DATASET SECTION ▸
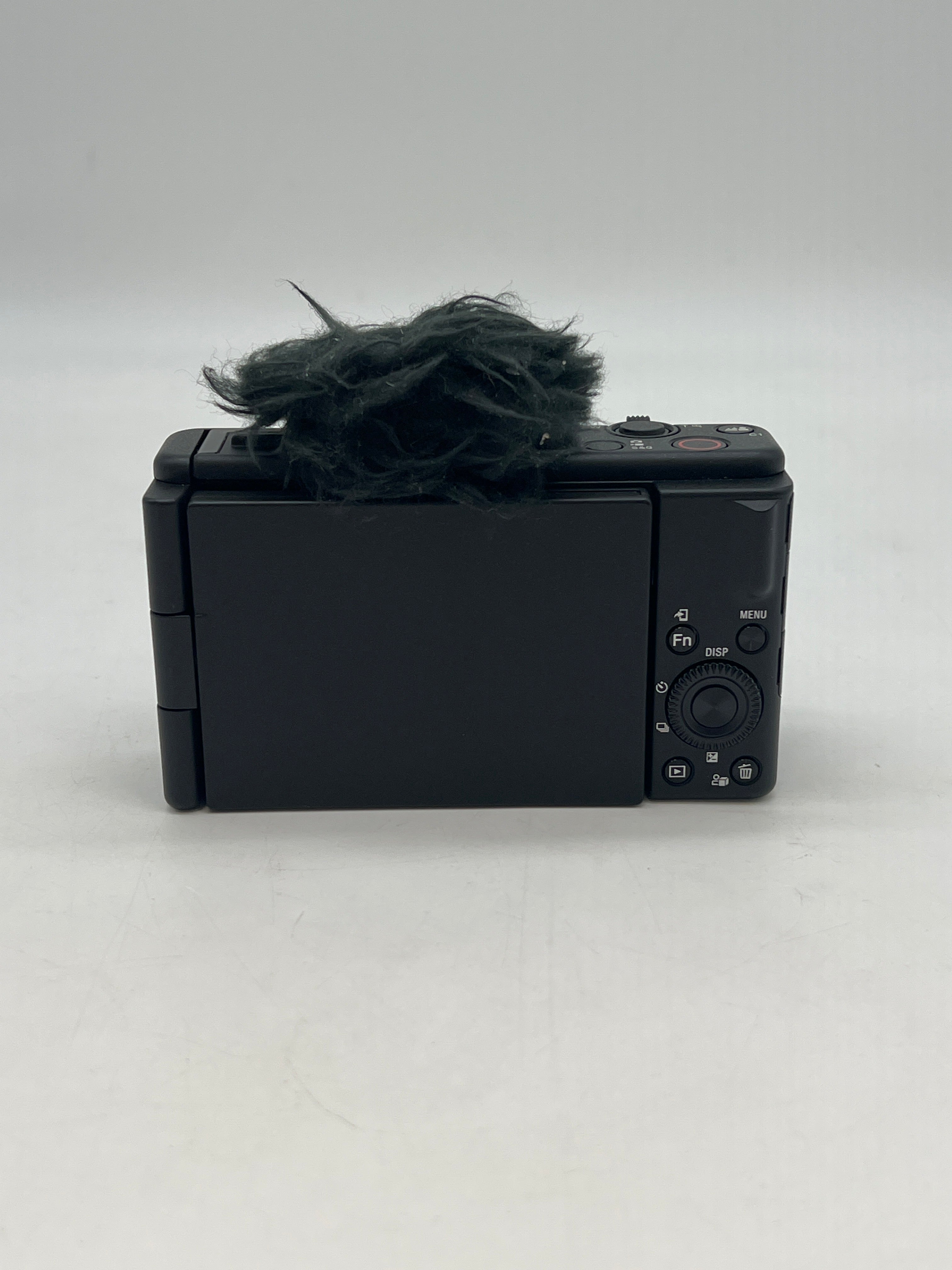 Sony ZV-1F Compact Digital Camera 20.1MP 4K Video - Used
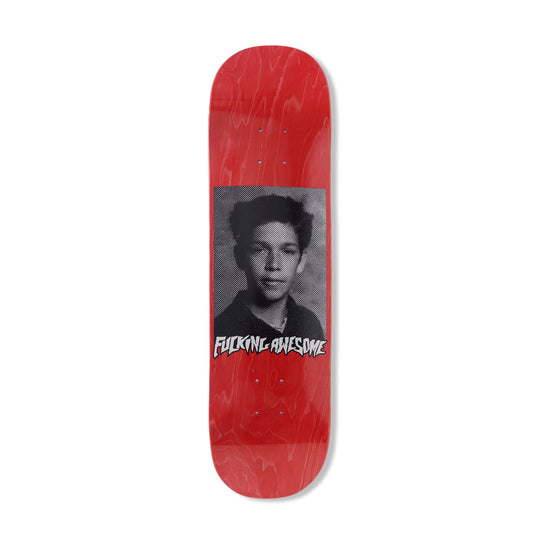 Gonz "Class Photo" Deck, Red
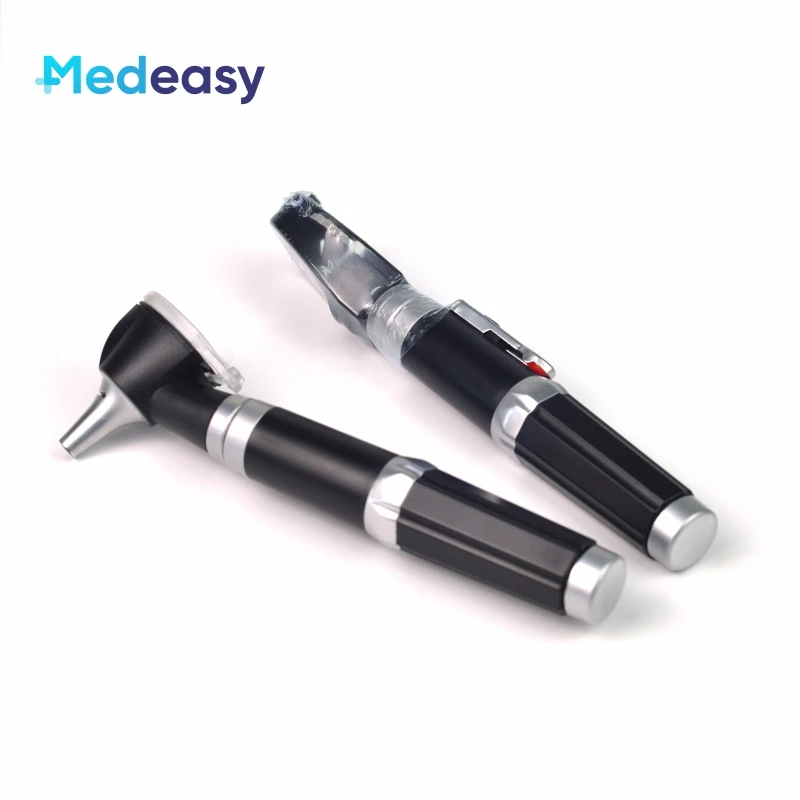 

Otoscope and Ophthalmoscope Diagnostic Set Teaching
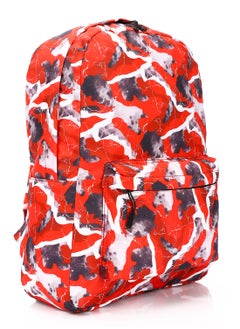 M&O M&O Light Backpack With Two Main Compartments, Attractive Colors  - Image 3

TASK STATEMENT ▸ Exactly as written, copy out the listing, but without any pictures.

EXERCISE SOLUTION ▸
 Sony ZV-1F Compact Digital Camera 20.1MP 4K Video - Used
 Gonz "Class Photo" Deck, Red

Otoscope and Ophthalmoscope Diagnostic Set Teaching
 M&O M&O Light Backpack With Two Main Compartments, Attractive Colors  - Image 3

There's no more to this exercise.